→ **Try it**: Set down each line of the material that follows exactly, and leave its pictures out.

→ **Records for the exercise**:
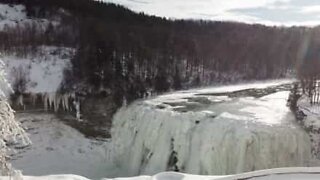 Drone footage of frozen New York waterfall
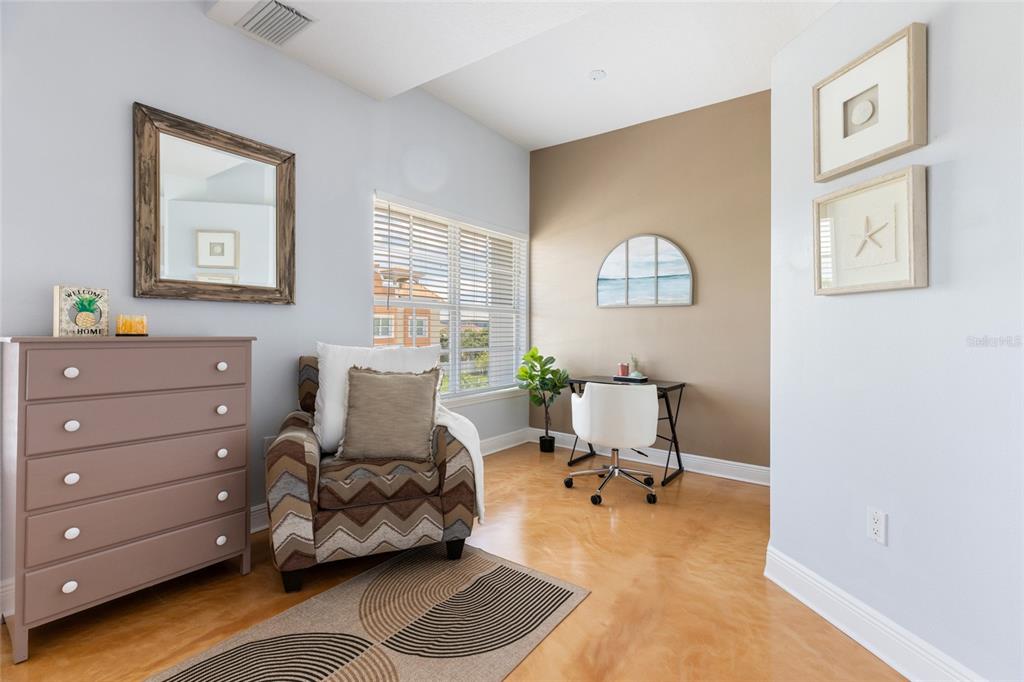 141 175th Avenue East Redington Shores, FL 33708 - Photo 17 of 51 a living room with furniture and a window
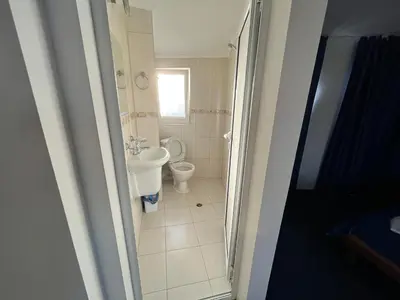 a bathroom with a toilet and a sink at Sea View Rooms Briz in Nesebar
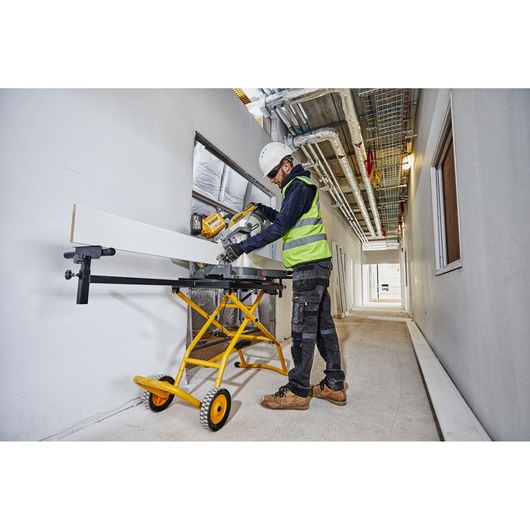 A worker wearing safety gear cuts a long white board with a sliding mitre saw mounted on a yellow DEWALT stand (model DE7260) in a construction hallway.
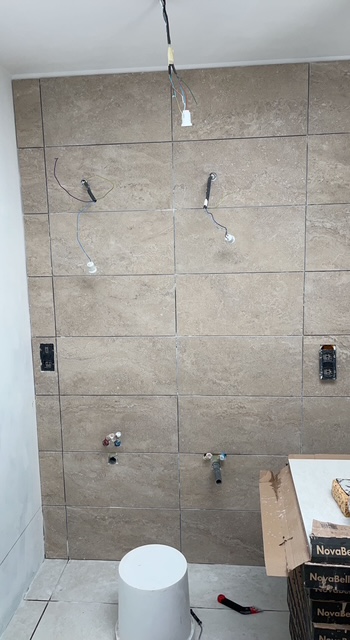 Mur de salle de bain habillé de faïence grand format imitation pierre, attentes de plomberie et fils électriques encore apparents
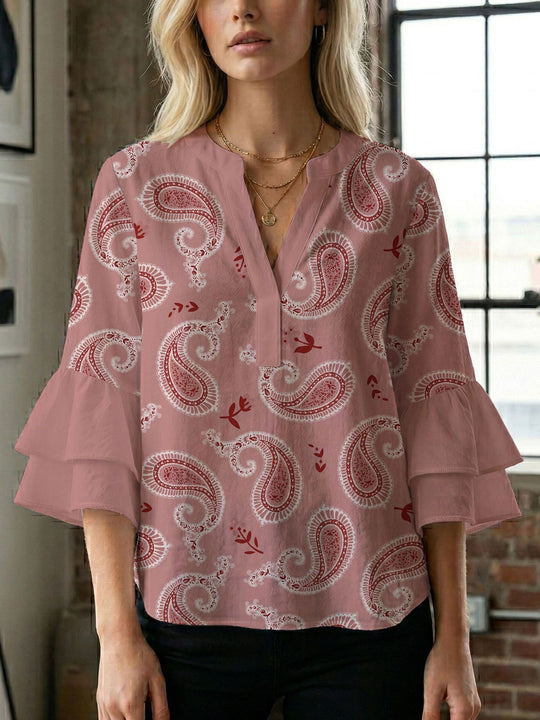 Damen Bluse mit voluminösen Flügelärmel und intensivem Blattmuster EB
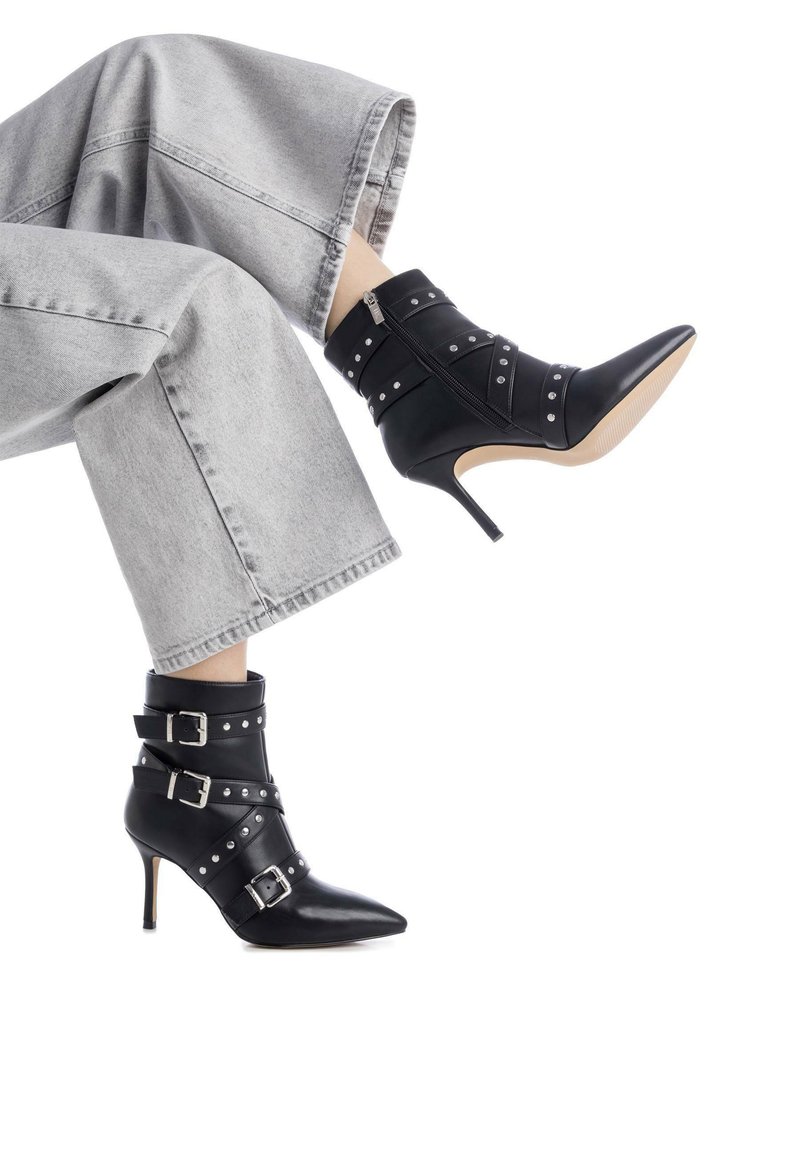 Botas negras hasta el tobillo con punta afilada, hebillas, tachuelas y una cremallera trasera. Tienen un tacón de aguja y se combinan con unos jeans grises de pierna ancha.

→ **Result for this task**:
 Drone footage of frozen New York waterfall
 141 175th Avenue East Redington Shores, FL 33708 - Photo 17 of 51 a living room with furniture and a window
 a bathroom with a toilet and a sink at Sea View Rooms Briz in Nesebar
 A worker wearing safety gear cuts a long white board with a sliding mitre saw mounted on a yellow DEWALT stand (model DE7260) in a construction hallway.
 Mur de salle de bain habillé de faïence grand format imitation pierre, attentes de plomberie et fils électriques encore apparents
 Damen Bluse mit voluminösen Flügelärmel und intensivem Blattmuster EB
 Botas negras hasta el tobillo con punta afilada, hebillas, tachuelas y una cremallera trasera. Tienen un tacón de aguja y se combinan con unos jeans grises de pierna ancha.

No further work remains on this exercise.